PROBLEM TO SOLVE: Reproduce word for word the line holding "skóra naturalna laki" and all lines after it in the data, through the end, leaving out pictures.
*** Opening DATA ***
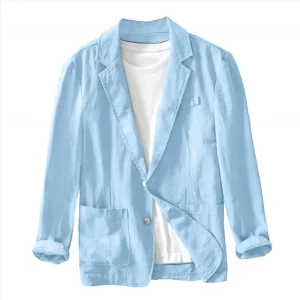 Summer Slim Fit Linen Suit For Men’s Casual Beach Fashion And Formal Wear
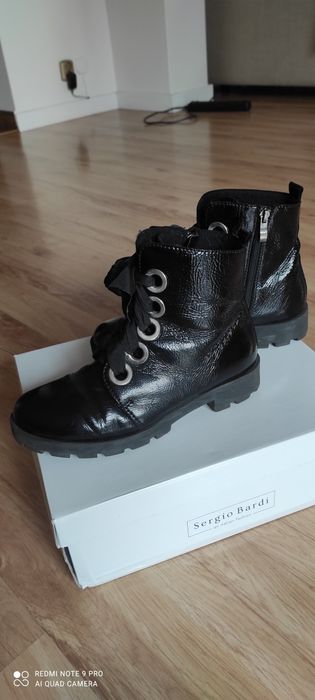 Botki workery  zimowo jesienne r. 38 Sergio Bardi skóra naturalna laki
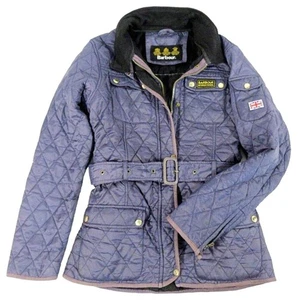 Barbour International Quilted Jacket M Unisex Navy Belted Short Coat F/S - Picture 1 of 18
*** Closing DATA ***
EXERCISE RESULT:
 Botki workery  zimowo jesienne r. 38 Sergio Bardi skóra naturalna laki
 Barbour International Quilted Jacket M Unisex Navy Belted Short Coat F/S - Picture 1 of 18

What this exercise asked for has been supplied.